(Beginning of PROVIDED RECORDS)
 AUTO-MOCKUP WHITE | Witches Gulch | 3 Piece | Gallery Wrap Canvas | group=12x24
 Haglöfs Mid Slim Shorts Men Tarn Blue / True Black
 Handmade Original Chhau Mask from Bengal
(End of PROVIDED RECORDS)
(Beginning of PROVIDED RECORDS)
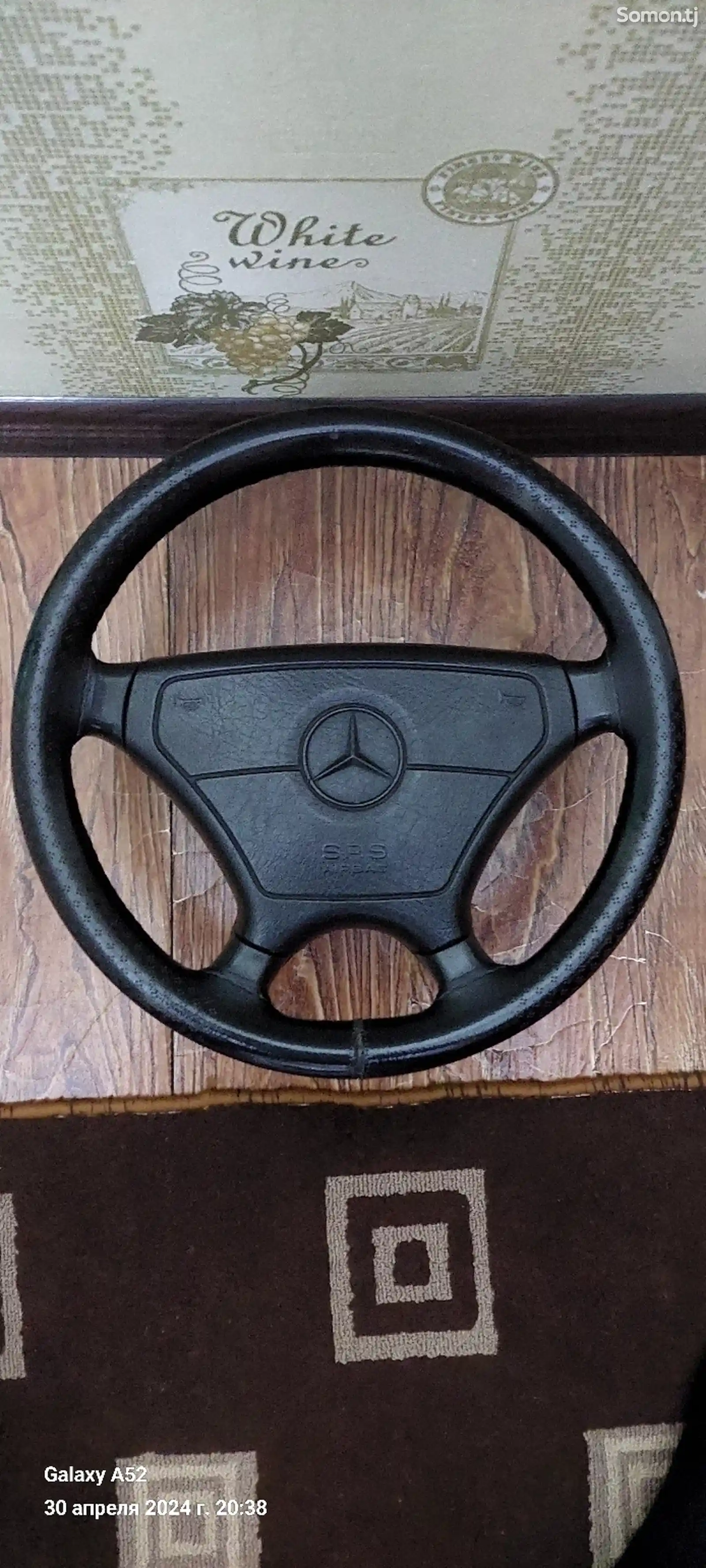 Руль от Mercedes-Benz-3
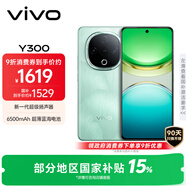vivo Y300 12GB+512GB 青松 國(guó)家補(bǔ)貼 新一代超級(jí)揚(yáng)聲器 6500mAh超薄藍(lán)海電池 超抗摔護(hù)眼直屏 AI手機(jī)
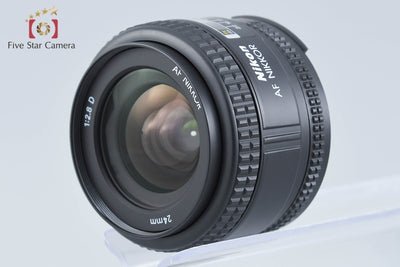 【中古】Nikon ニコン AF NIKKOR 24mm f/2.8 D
(End of PROVIDED RECORDS)
*AIM OF THE EXERCISE:* Find the line with "Руль от Mercedes-Benz-3" in the entries above. Set down exactly every line from it up to and including the line with "24mm f/2.8 D", images excluded.

*PROBLEM SOLUTION:*
 Руль от Mercedes-Benz-3
vivo Y300 12GB+512GB 青松 國(guó)家補(bǔ)貼 新一代超級(jí)揚(yáng)聲器 6500mAh超薄藍(lán)海電池 超抗摔護(hù)眼直屏 AI手機(jī)
 【中古】Nikon ニコン AF NIKKOR 24mm f/2.8 D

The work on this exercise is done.